What to do:
Leave every picture out. Set down all the lines below exactly.

Source data:

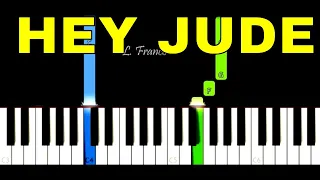 The Beatles - Hey Jude | EASY Piano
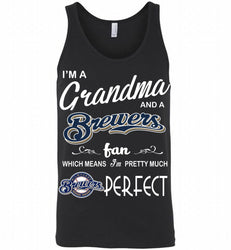 I'M A Grandma And A Milwaukee Brewers Fans Gift Tank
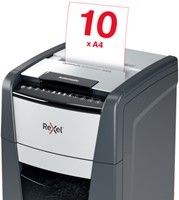 Papiervernietiger Rexel Optimum Auto+ 300X P4 snippers 4x26mm-6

Answer box:
 The Beatles - Hey Jude | EASY Piano
 I'M A Grandma And A Milwaukee Brewers Fans Gift Tank
 Papiervernietiger Rexel Optimum Auto+ 300X P4 snippers 4x26mm-6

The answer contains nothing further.